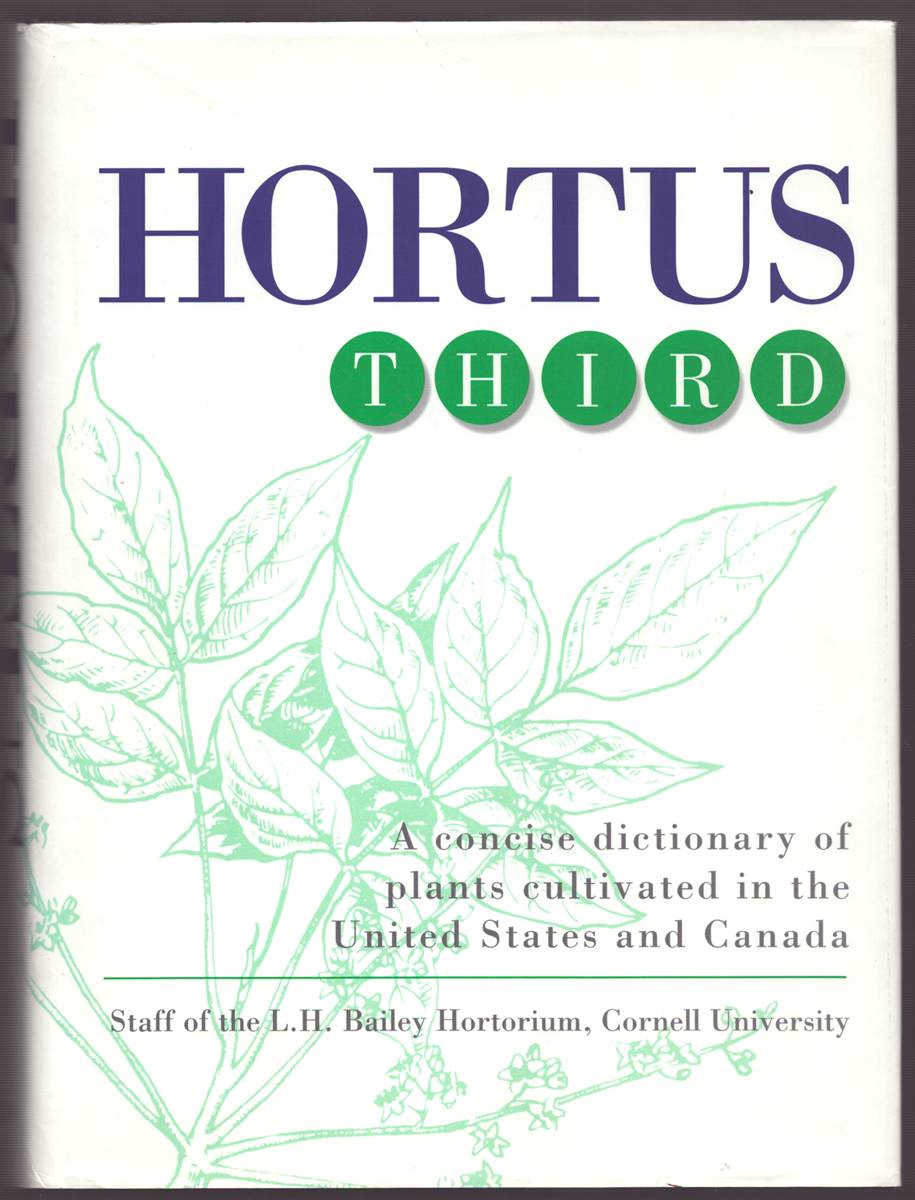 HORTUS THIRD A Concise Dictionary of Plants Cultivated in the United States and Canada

...

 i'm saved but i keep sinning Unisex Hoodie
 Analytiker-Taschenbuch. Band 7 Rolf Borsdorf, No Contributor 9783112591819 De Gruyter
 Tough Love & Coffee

--

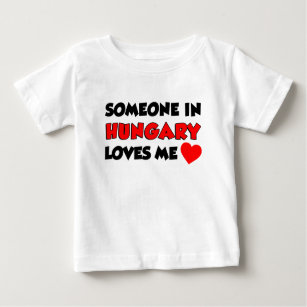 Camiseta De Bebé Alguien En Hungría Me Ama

- [What to work on]:
Your answer should consist only of the lines above between the line holding "Analytiker-Taschenbuch. Band 7" and the line holding "Tough Love & Coffee", inclusive, each transcribed exactly.

- [Response to the exercise]:
 Analytiker-Taschenbuch. Band 7 Rolf Borsdorf, No Contributor 9783112591819 De Gruyter
 Tough Love & Coffee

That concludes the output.